G'day
For Gradle 2.5, we'll be adding support for replacing external dependencies with project dependencies (and vice versa). This work has necessitated some pretty major changes to dependency resolution, which have now been incorporated into master.
Here's a short description of some of the changes, for your information.
1. Project dependencies can now appear at any node in the dependency graph
With the change to allow project and external dependencies to be substituted, it is now possible for a resolved configuration to transitively include a project via an external dependency.

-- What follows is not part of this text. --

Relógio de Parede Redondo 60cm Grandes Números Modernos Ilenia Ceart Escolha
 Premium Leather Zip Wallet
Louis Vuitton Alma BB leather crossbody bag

It is now possible to have a graph like this:
:my-project -> "my.org:published-module:1.0" -> :my-other-project
Any code that assumes that an external module can only ever transitively depend on other external modules will break. This includes our IDE plugins, which currently fail to deal correctly with transitive project dependencies like this.
2. Any configuration that is a task input is resolved when adding the task to the execution graph
When "taskA" takes "configuration.compile" as an input, this implies that any build dependencies of "configuration.compile" become task dependencies of "taskA". If a configuration includes a project dependency, then this includes the tasks required to build that project dependency.
Previously, we were only looking at the directly declared dependencies of a configuration for any ProjectDependency instances. However, now that a ProjectDependency can appear anywhere in the dependency graph, it is necessary to resolve the configuration to detect all project dependencies transitively.
This means that more dependency resolution will be happening up-front, rather than just before a task is executed. This will likely delay the execution of the first task, and could result in slower builds in case of failure (because we are now resolving configurations for tasks that may never end up executing).
3. Configurations used as task input will be re-resolved if modified during execution
As per point 2), input configurations are now resolved early, when building the task graph. However, execution of one task can modify the dependencies of a configuration that is input to another task. An example is a task that looks up a tool version and adds that tool to the dependencies.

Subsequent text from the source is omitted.